Try it
Write out all records as given; omit images.

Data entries
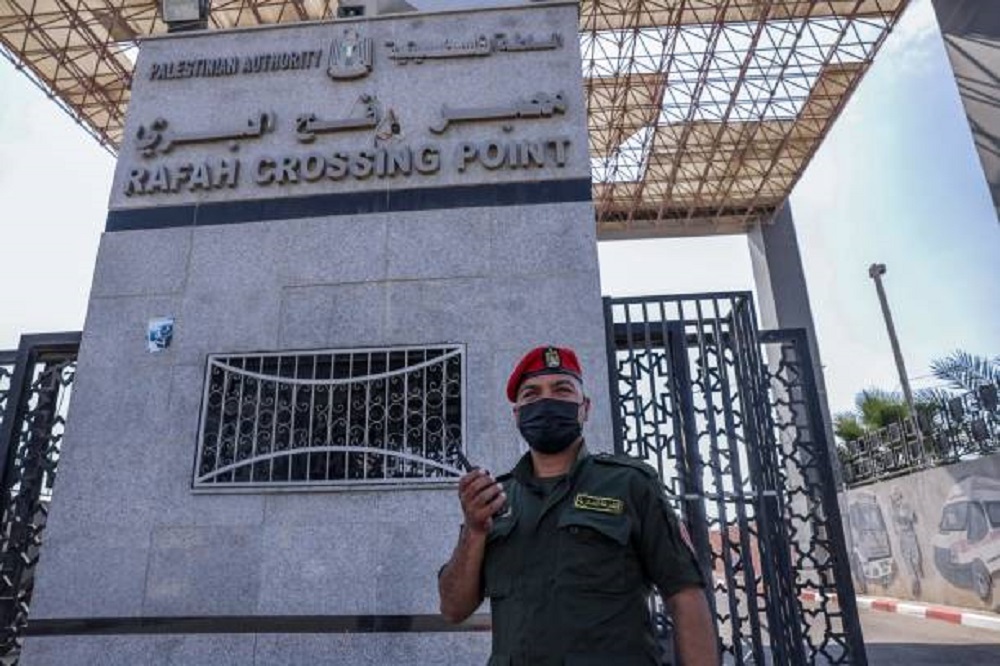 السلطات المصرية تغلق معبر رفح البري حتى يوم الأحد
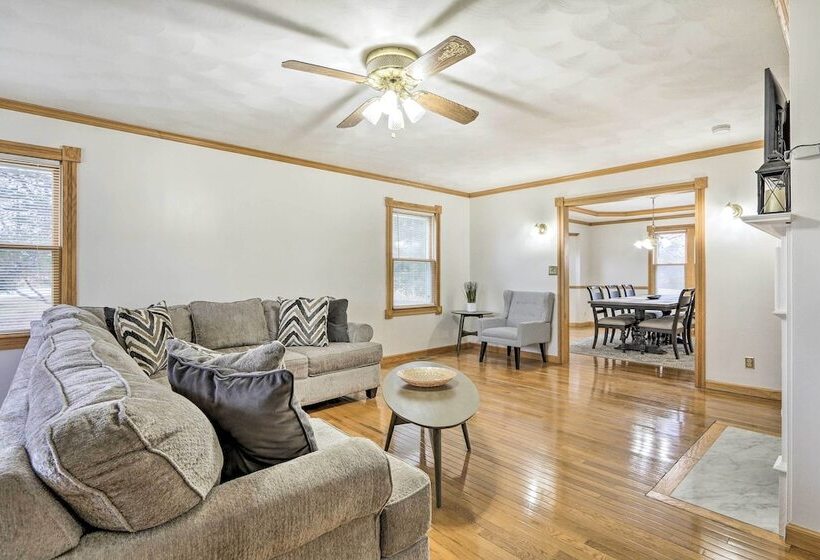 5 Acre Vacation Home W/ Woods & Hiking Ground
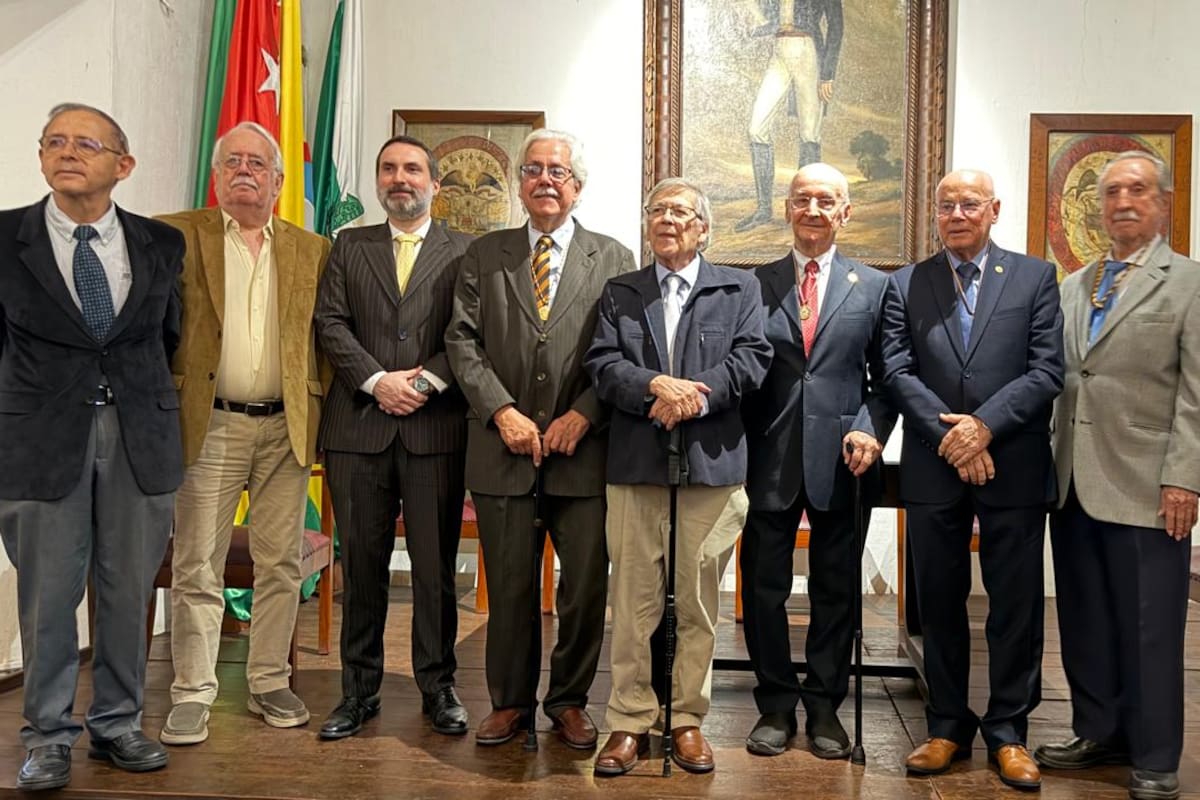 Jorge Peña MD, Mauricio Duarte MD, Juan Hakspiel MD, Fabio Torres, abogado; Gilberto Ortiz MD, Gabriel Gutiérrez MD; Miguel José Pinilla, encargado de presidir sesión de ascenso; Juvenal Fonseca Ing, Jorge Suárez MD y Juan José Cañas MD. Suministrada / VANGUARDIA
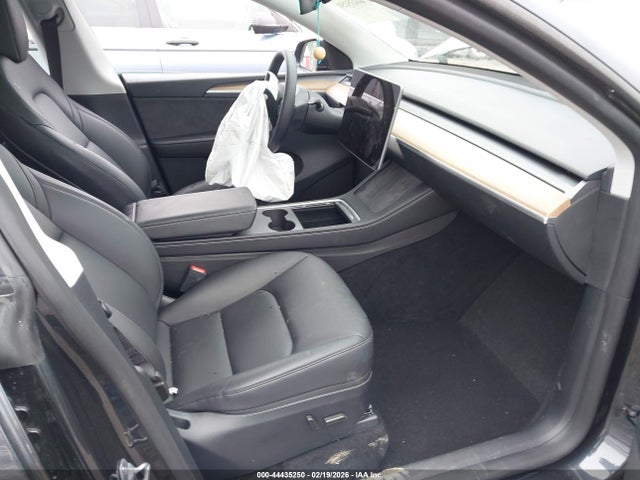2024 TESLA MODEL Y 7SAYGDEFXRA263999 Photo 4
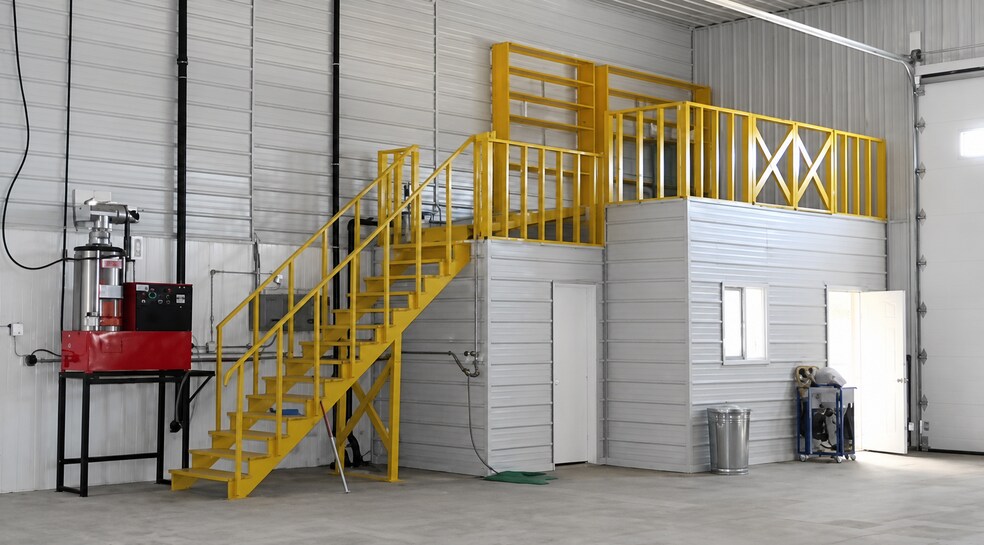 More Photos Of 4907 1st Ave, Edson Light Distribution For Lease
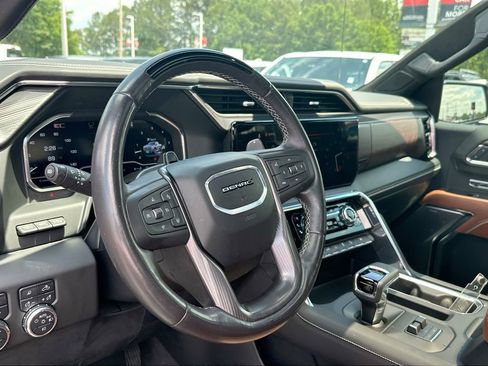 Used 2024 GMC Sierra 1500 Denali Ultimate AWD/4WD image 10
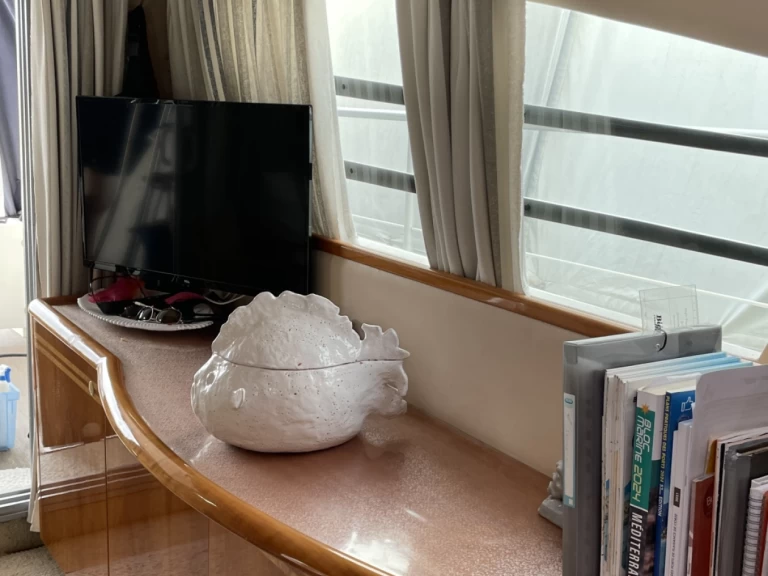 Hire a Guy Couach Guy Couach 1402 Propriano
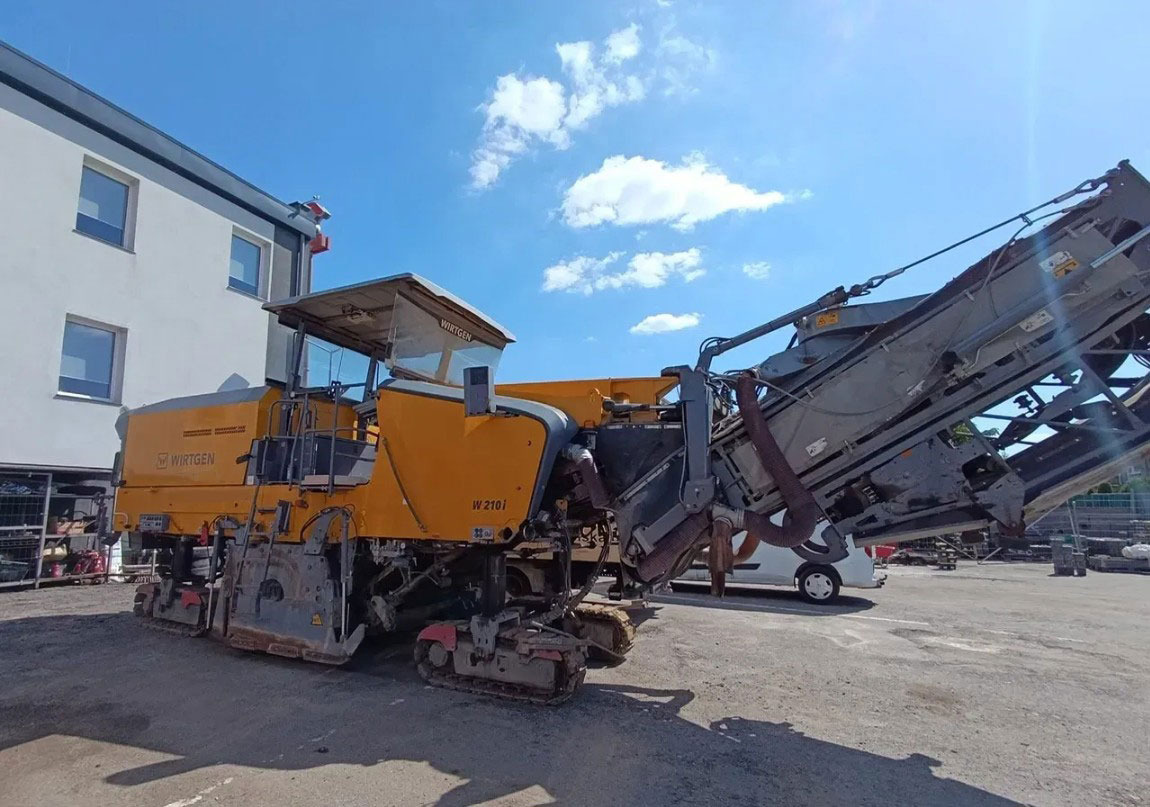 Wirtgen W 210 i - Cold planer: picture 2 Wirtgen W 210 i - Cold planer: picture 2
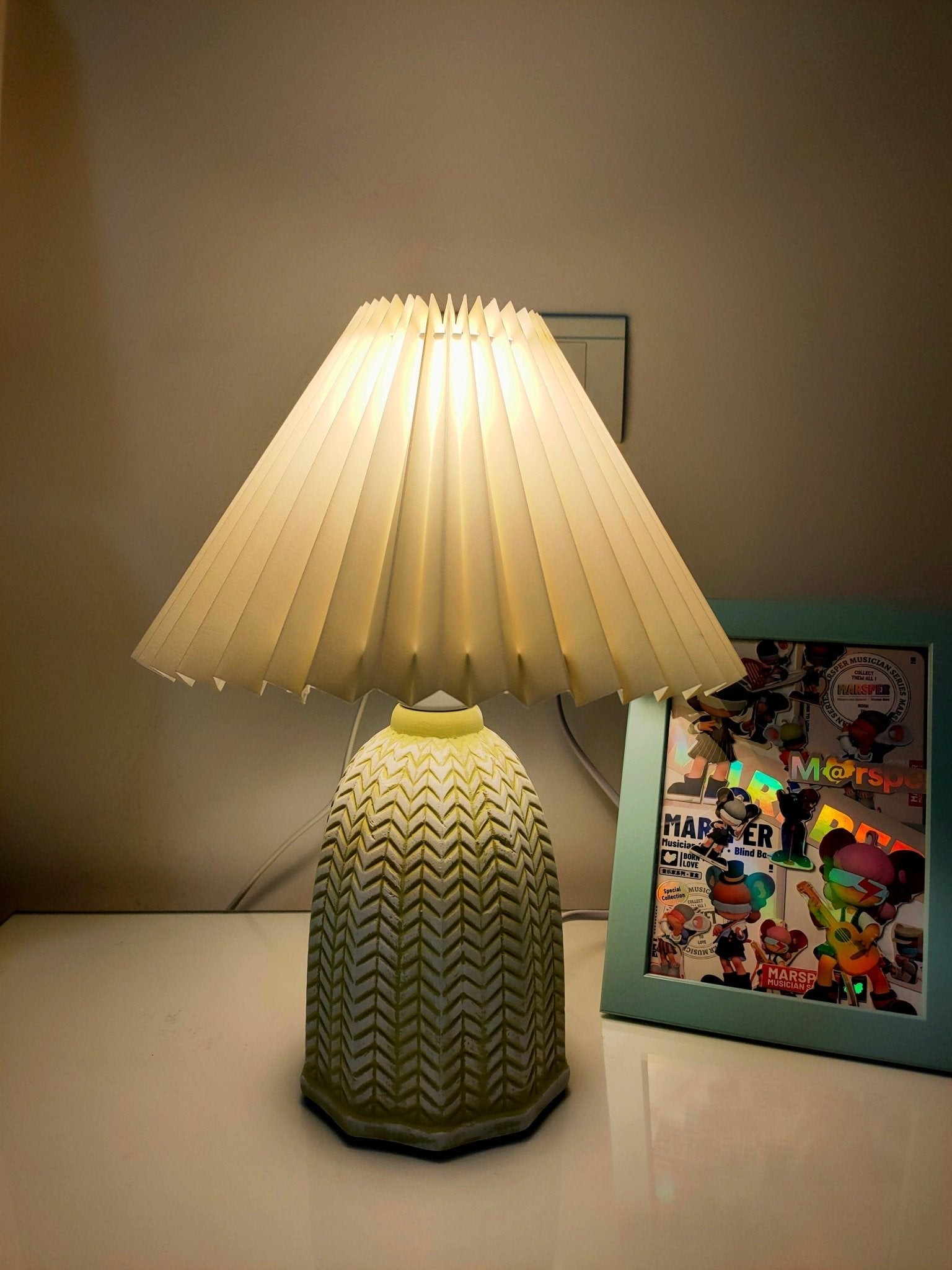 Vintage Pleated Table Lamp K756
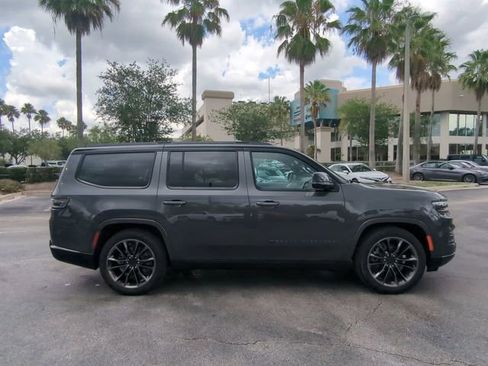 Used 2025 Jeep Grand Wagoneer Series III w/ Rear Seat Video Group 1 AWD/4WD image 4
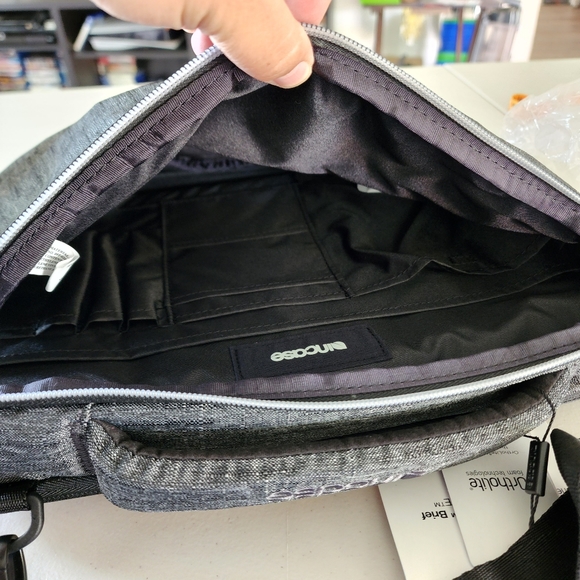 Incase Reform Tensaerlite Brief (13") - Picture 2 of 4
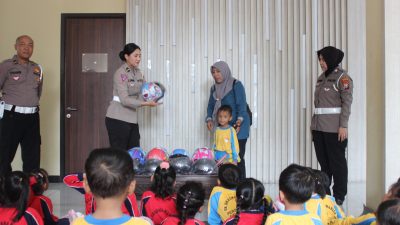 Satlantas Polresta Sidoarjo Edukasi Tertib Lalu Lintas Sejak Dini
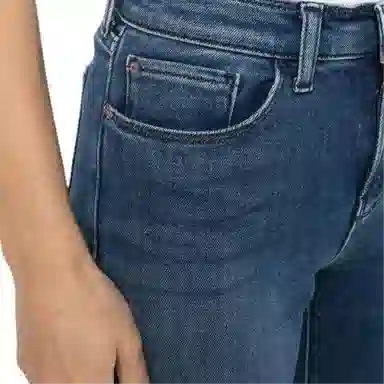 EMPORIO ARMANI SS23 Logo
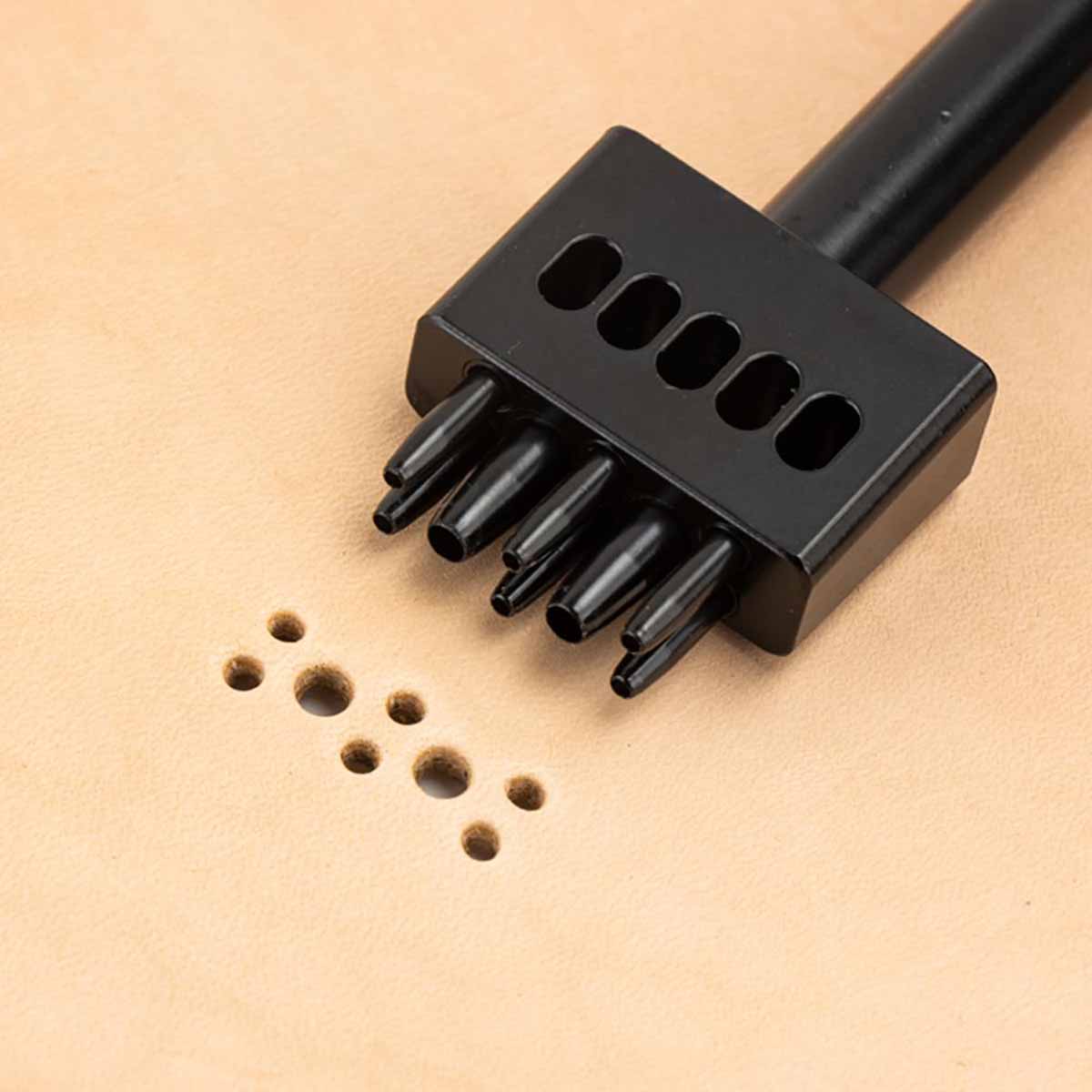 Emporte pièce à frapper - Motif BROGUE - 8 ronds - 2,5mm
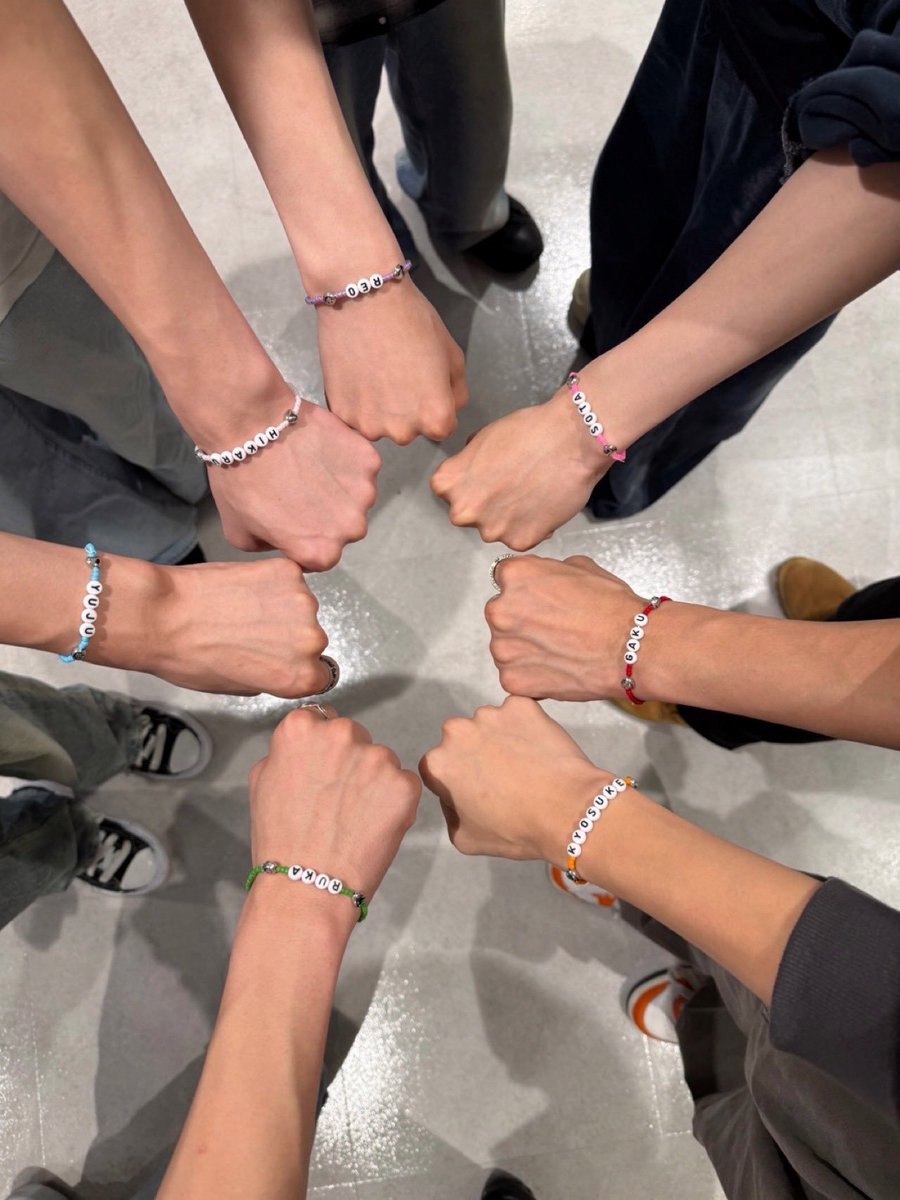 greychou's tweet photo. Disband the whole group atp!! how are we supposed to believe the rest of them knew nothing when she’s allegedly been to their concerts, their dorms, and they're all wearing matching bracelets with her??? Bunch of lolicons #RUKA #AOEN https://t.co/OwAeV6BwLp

Exercise result
 السلطات المصرية تغلق معبر رفح البري حتى يوم الأحد
 5 Acre Vacation Home W/ Woods & Hiking Ground
 Jorge Peña MD, Mauricio Duarte MD, Juan Hakspiel MD, Fabio Torres, abogado; Gilberto Ortiz MD, Gabriel Gutiérrez MD; Miguel José Pinilla, encargado de presidir sesión de ascenso; Juvenal Fonseca Ing, Jorge Suárez MD y Juan José Cañas MD. Suministrada / VANGUARDIA
2024 TESLA MODEL Y 7SAYGDEFXRA263999 Photo 4
 More Photos Of 4907 1st Ave, Edson Light Distribution For Lease
 Used 2024 GMC Sierra 1500 Denali Ultimate AWD/4WD image 10
 Hire a Guy Couach Guy Couach 1402 Propriano
 Wirtgen W 210 i - Cold planer: picture 2 Wirtgen W 210 i - Cold planer: picture 2
 Vintage Pleated Table Lamp K756
 Used 2025 Jeep Grand Wagoneer Series III w/ Rear Seat Video Group 1 AWD/4WD image 4
 Incase Reform Tensaerlite Brief (13") - Picture 2 of 4
 Satlantas Polresta Sidoarjo Edukasi Tertib Lalu Lintas Sejak Dini
 EMPORIO ARMANI SS23 Logo
 Emporte pièce à frapper - Motif BROGUE - 8 ronds - 2,5mm
 greychou's tweet photo. Disband the whole group atp!! how are we supposed to believe the rest of them knew nothing when she’s allegedly been to their concerts, their dorms, and they're all wearing matching bracelets with her??? Bunch of lolicons #RUKA #AOEN https://t.co/OwAeV6BwLp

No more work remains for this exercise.